RECORDS:

★ ★ ★ ★

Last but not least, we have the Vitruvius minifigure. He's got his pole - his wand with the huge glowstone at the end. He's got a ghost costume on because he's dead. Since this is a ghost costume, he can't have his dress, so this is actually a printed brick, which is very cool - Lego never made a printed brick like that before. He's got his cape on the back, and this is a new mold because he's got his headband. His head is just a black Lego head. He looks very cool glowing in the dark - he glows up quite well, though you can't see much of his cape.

★ ★ ★ ★

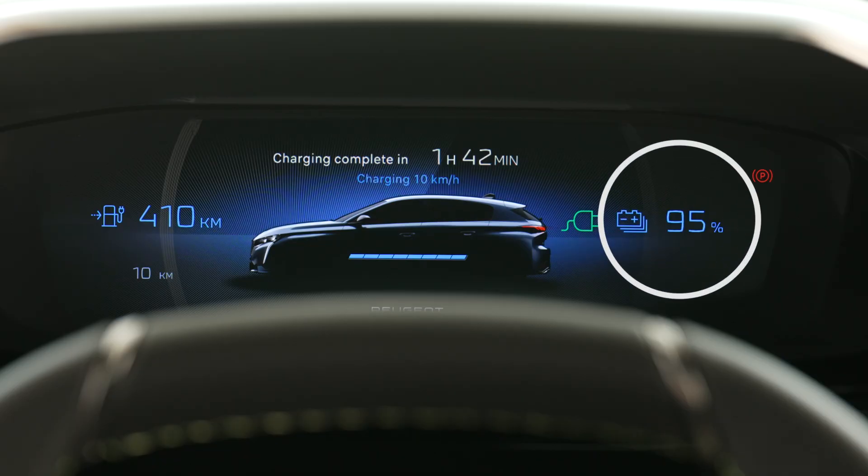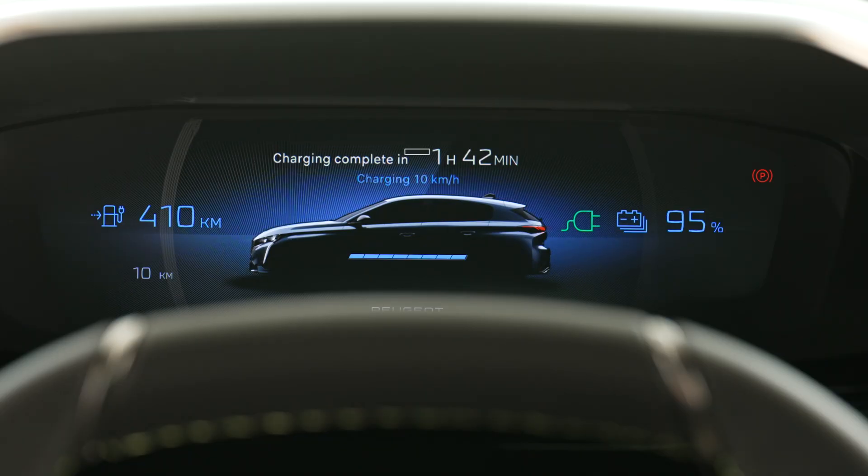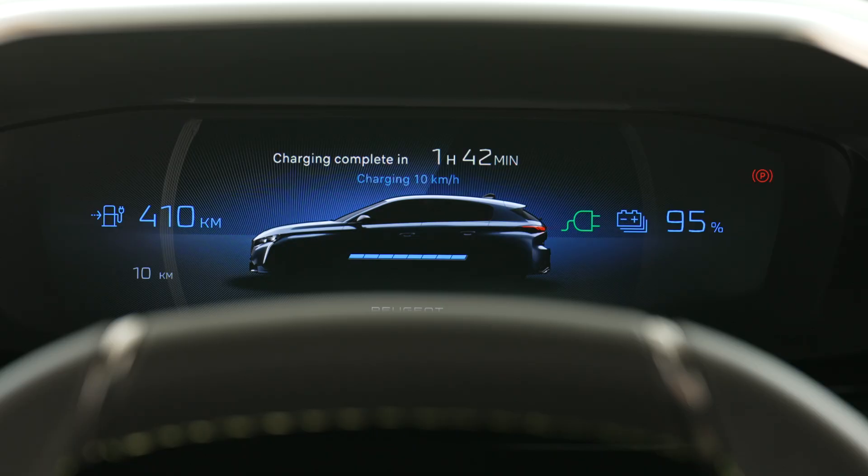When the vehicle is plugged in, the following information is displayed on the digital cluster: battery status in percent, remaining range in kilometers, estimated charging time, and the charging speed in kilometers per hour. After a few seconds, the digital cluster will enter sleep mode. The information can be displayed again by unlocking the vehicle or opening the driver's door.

★ ★ ★ ★

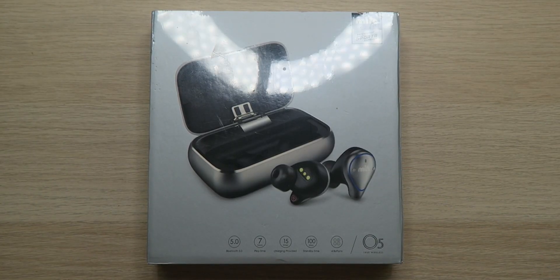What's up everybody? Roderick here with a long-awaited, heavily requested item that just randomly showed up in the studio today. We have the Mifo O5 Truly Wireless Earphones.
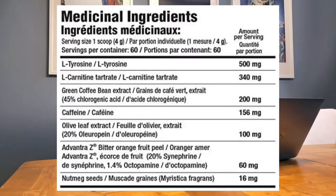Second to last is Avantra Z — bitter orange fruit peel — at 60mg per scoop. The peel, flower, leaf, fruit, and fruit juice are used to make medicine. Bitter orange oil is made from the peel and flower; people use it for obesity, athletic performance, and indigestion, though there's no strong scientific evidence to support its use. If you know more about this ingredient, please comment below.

★ ★ ★ ★

What you write must match the listing exactly, from the line with "What's up everybody?" up to and including the line with "Second to last". Pictures stay out.

What's up everybody? Roderick here with a long-awaited, heavily requested item that just randomly showed up in the studio today. We have the Mifo O5 Truly Wireless Earphones.
Second to last is Avantra Z — bitter orange fruit peel — at 60mg per scoop. The peel, flower, leaf, fruit, and fruit juice are used to make medicine. Bitter orange oil is made from the peel and flower; people use it for obesity, athletic performance, and indigestion, though there's no strong scientific evidence to support its use. If you know more about this ingredient, please comment below.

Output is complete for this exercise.